Dan Hunter is an expert in internet law, intellectual property, and artificial intelligence and cognitive science models of law. He joins the New York Law School faculty from the University of Melbourne Law School (Australia) and the Wharton School, University of Pennsylvania. He holds a Ph.D. from Cambridge University on the nature of legal reasoning, as well as computer science and law degrees from Monash University (Australia) and a Master in Laws from the University of Melbourne.

He held a Chair in Law at the University of Melbourne and was a tenured faculty member at the Wharton School, University of Pennsylvania, from 2000-2007, and where he received the Undergraduate Teaching Award in 2000, and where he still teaches as an adjunct faculty member. Prior to joining Wharton he taught on the law faculty at Cambridge University.

He regularly publishes on issues dealing with the intersection of computers and law, including papers dealing with the regulation of virtual worlds, the use of artificial intelligence in law, and high technology aspects of intellectual property. His research has appeared in journals such as the California Law Review (three times), the Texas Law Review, the William & Mary Law Review, and the Journal of Legal Education. He is the co-author of one book (Building Intelligent Legal Information Systems, Kluwer 1994), is a judge for the resolution of domain name disputes for the World Intellectual Property Organization, and is on the editorial board of numerous journals. His work has been supported by grants from the National Science Foundation, the MacArthur Foundation, and the Australian Research Council. He is the recipient of a Fulbright Fellowship, an American Council of Learned Societies Research Fellowship, a Herchel Smith Research Fellowship in Intellectual Property Law, and a Science Commons Fellowship.

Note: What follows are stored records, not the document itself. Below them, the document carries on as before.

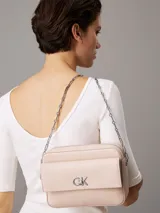 Cartera cruzada Calvin Klein de color rosa pálido, con solapa frontal y logo metálico 'CK' plateado. Posee correa de cadena plateada.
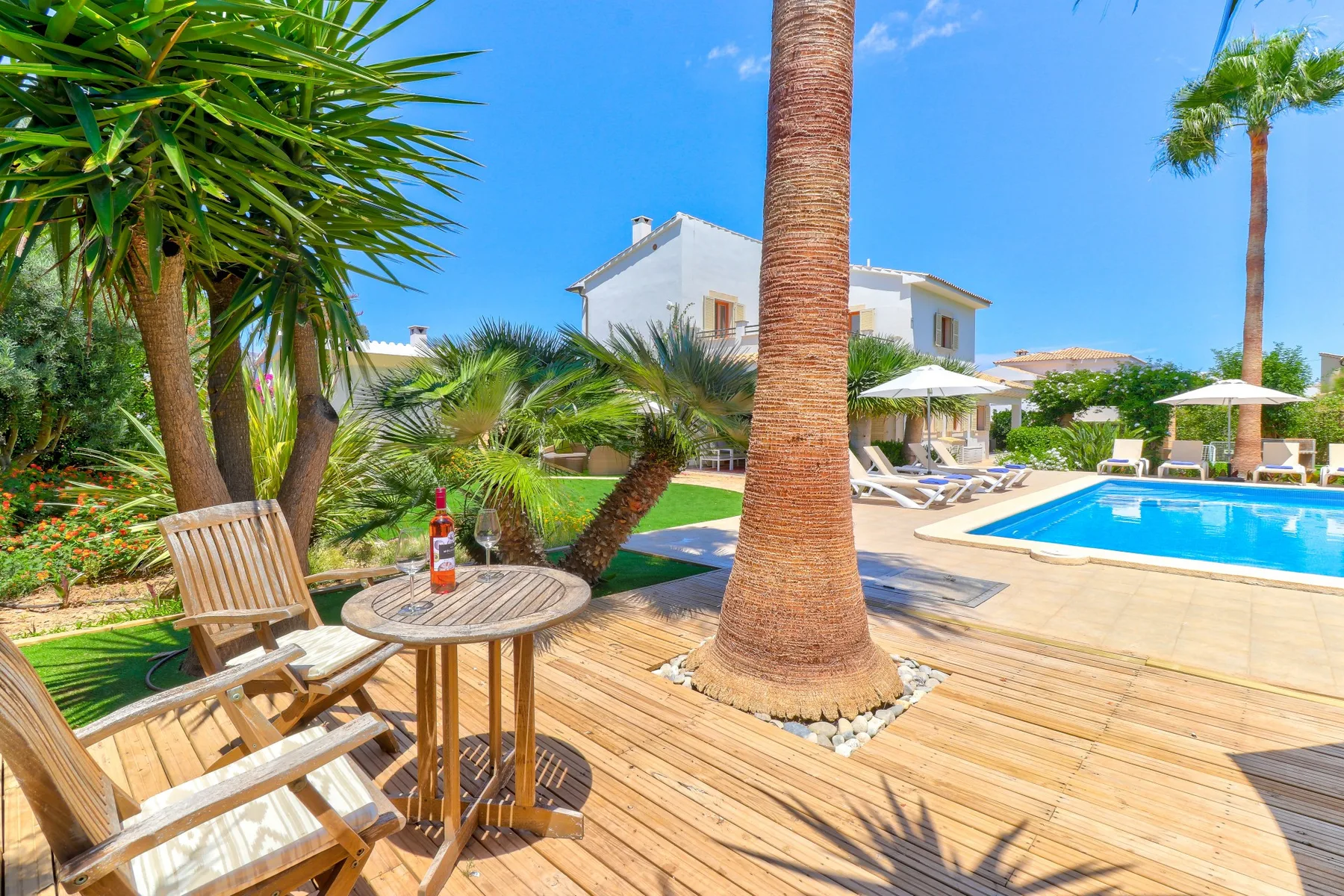 A sunny poolside deck with wooden seating, palm trees, and a white villa.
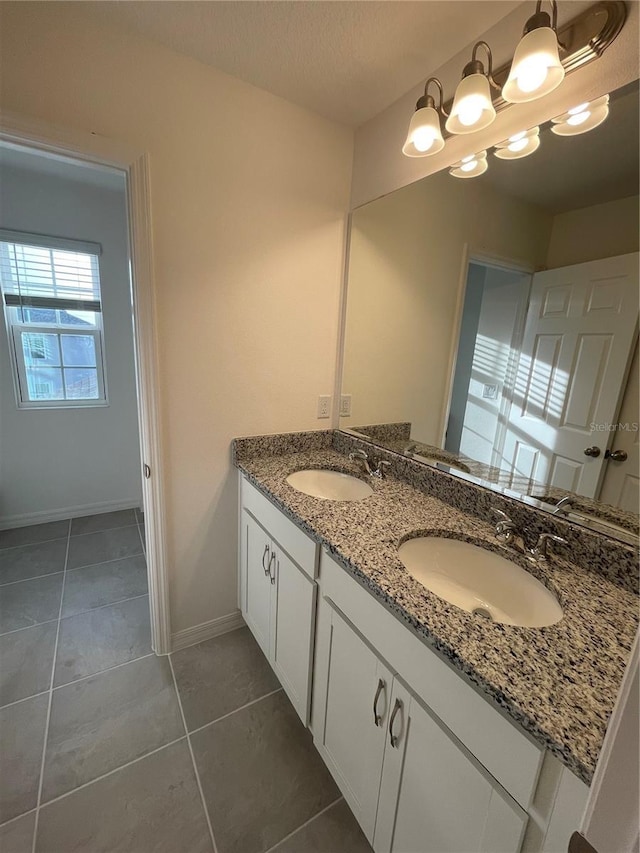 bathroom with a textured ceiling, vanity, and tile patterned floors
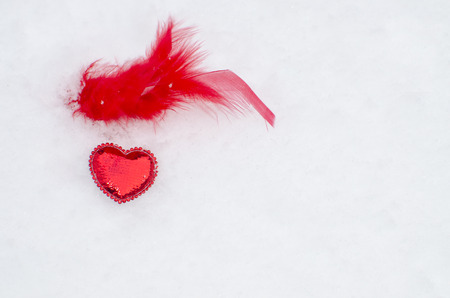 red heart on snow, a holiday of all loversの写真素材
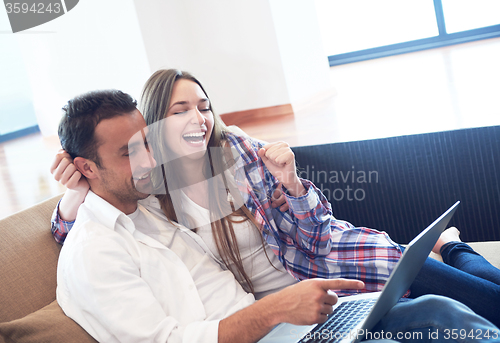 Image of relaxed young couple working on laptop computer at home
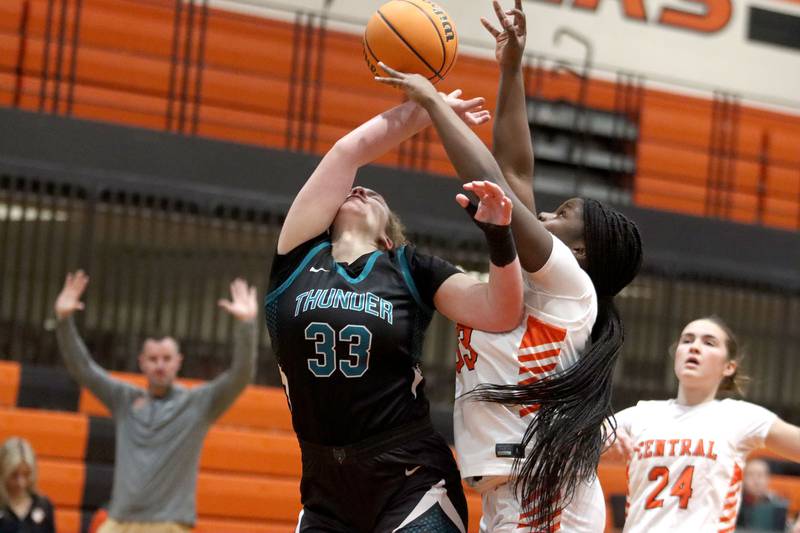 Crystal Lake Central’s Pekun Bolarin, center right, tussles with Woodstock North’s Jade Slinko, center left, in varsity girls basketball on Monday, Jan. 26, 2026, at Crystal Lake Central High School in Crystal Lake.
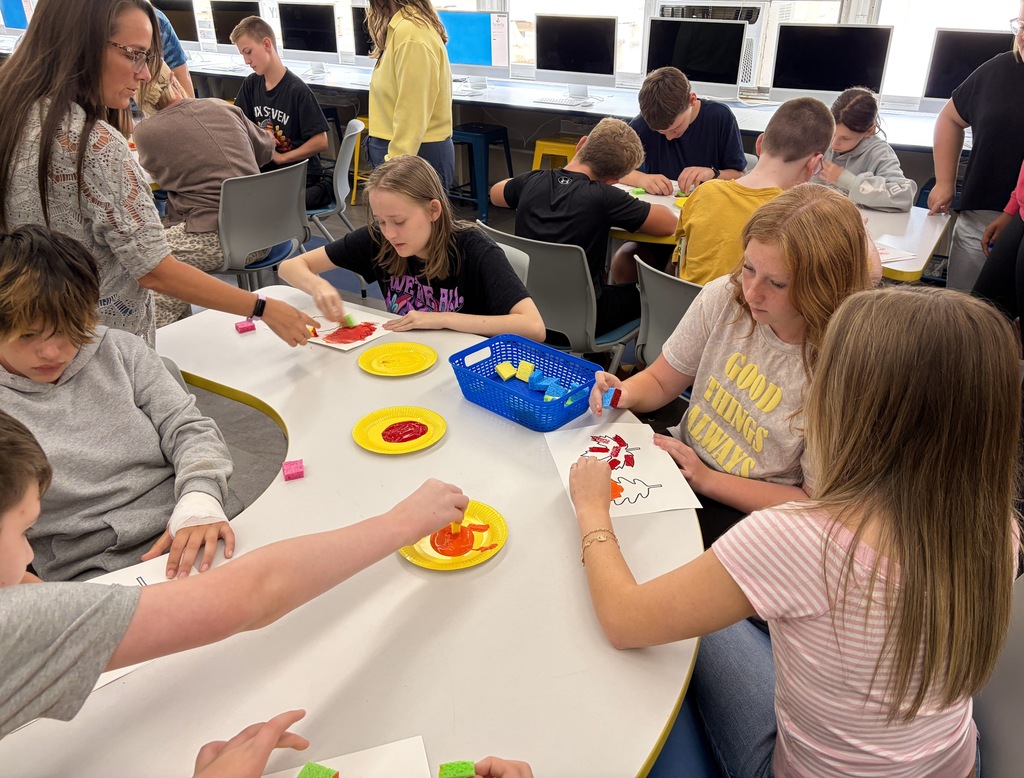 Students sitting together at a classroom table and painting.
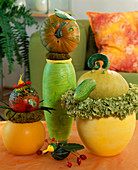 Pumpkin faces made of ornamental pumpkins, cucumbers, seeds, Tropaeolum flowers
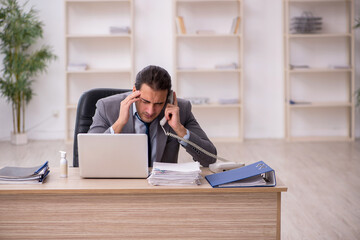 Young male employee unhappy with excessive work in the office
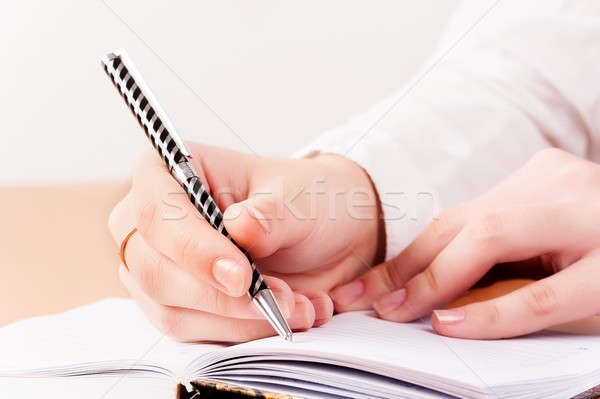 Woman writing in organizer Stock photo © Aikon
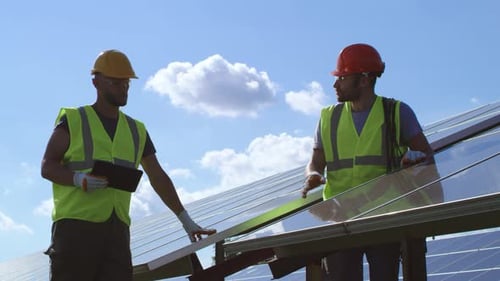 Male Engineers Examining Photovoltaic Panels on Sunny Day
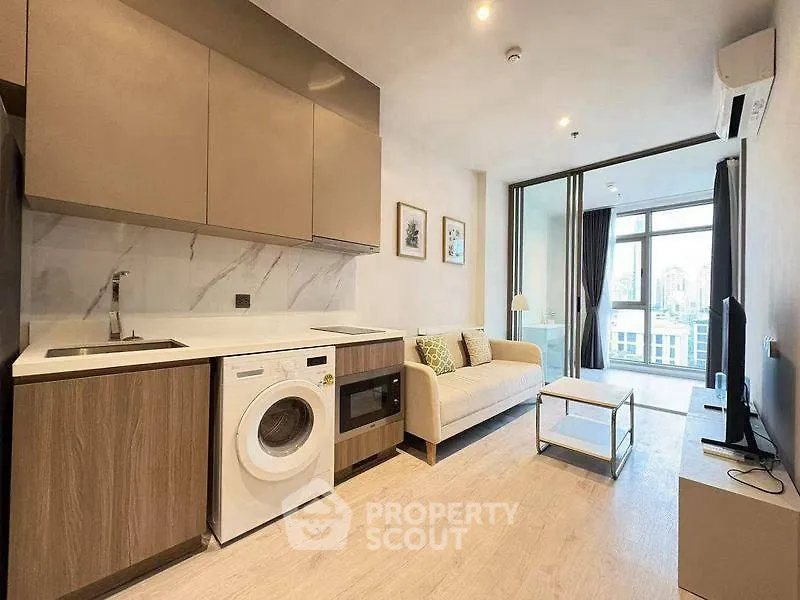 Modern open-plan living room with kitchen and city view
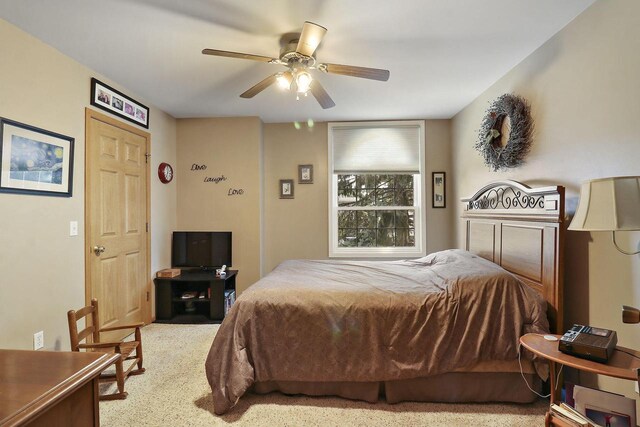 bedroom featuring ceiling fan and carpet flooring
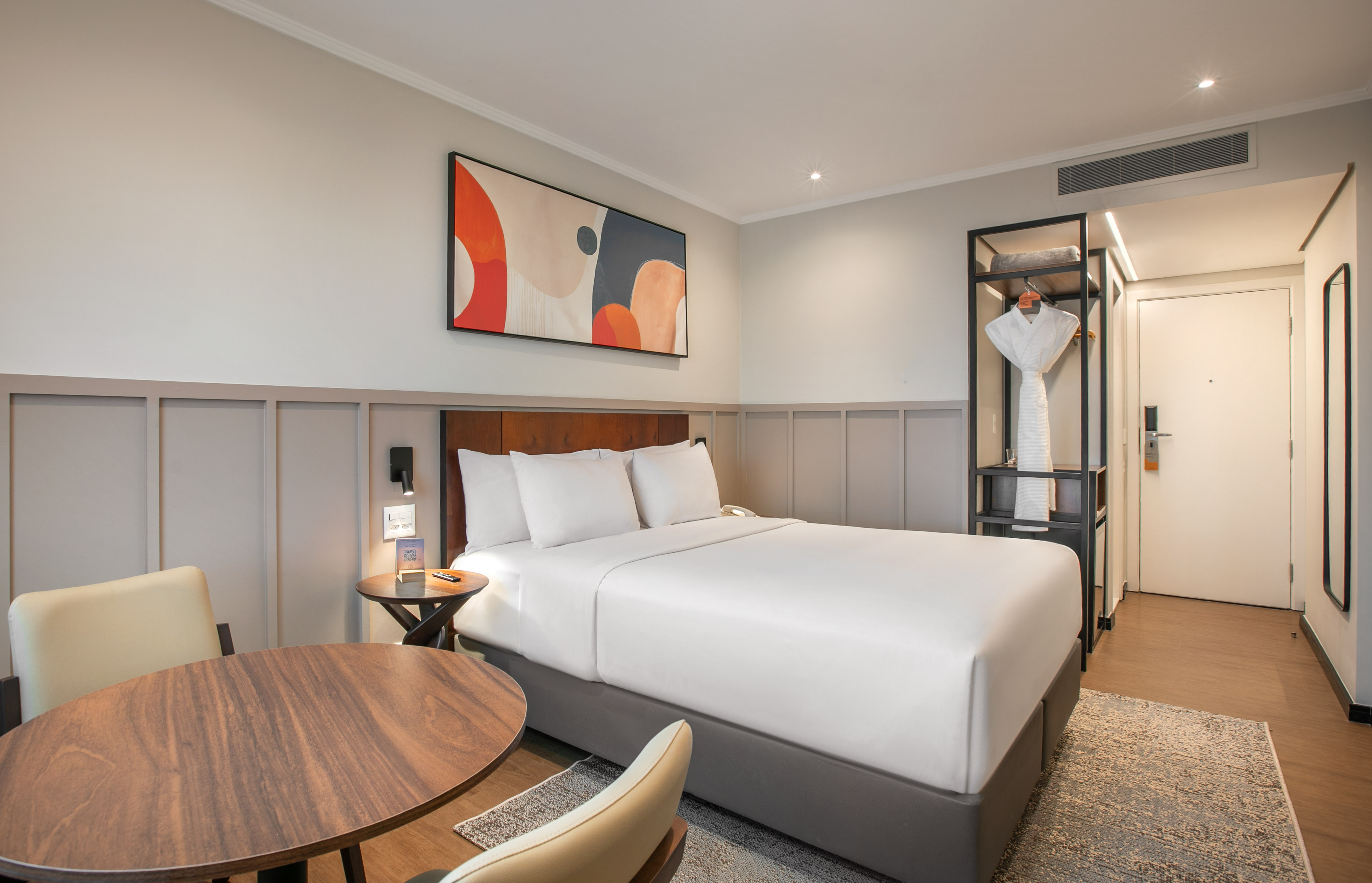 Modern hotel room with bed, abstract art, table, chairs, and open wardrobe.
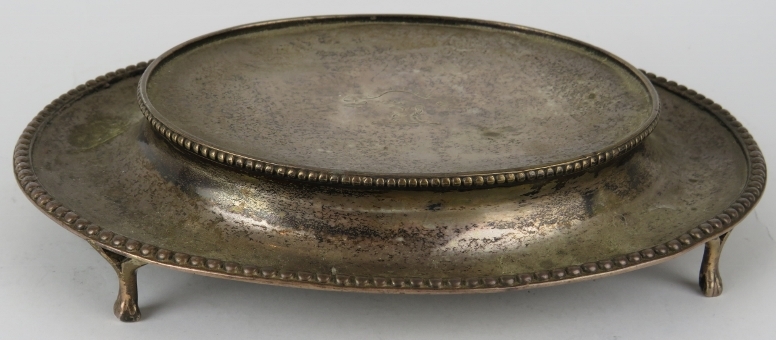 A George III Scottish silver teapot stand of oval form with beaded edge and raised on four paw feet.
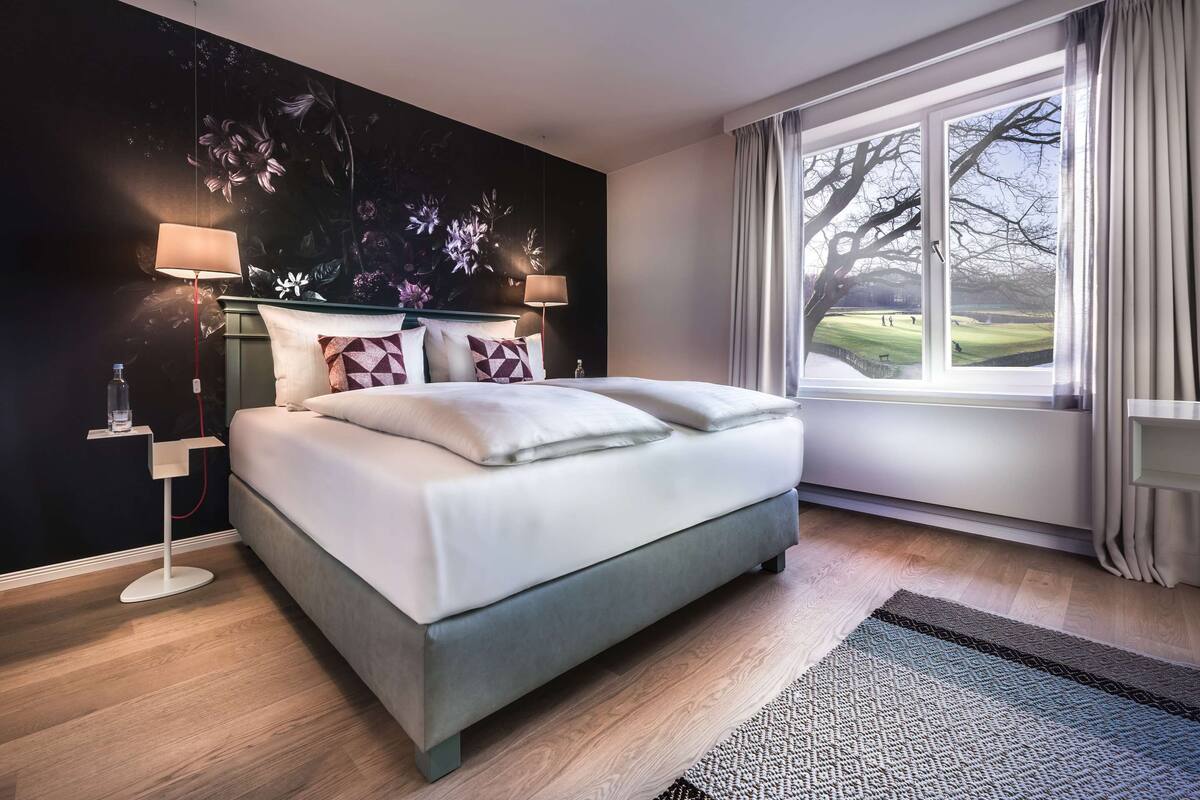 Un dormitorio moderno con cama, dos lámparas de noche, una mesita de noche, un ventanal con cortinas y un mural en la pared.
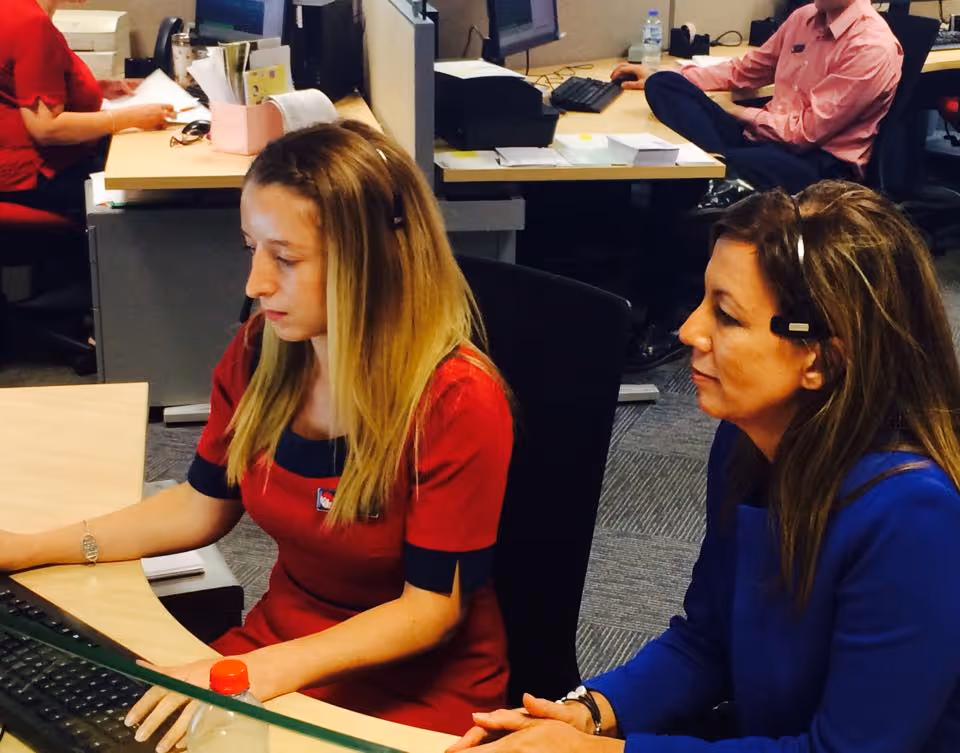 Customer service representatives in an office setting, engaged in call answering and information processing, showcasing teamwork and professionalism.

He was one of the first scholars to examine the social significance of virtual worlds, co-founded the scholarly blog Terra Nova (terranova.blogs.com), and ran the 2006 State of Play/Terra Nova Conference at New York Law School, and the 2007 State of Play Conference in Singapore. He will convene the 2009 conference back in New York.

His current projects include examination of the economics and laws relating to user-generated content, and the social significance of luxury handbags.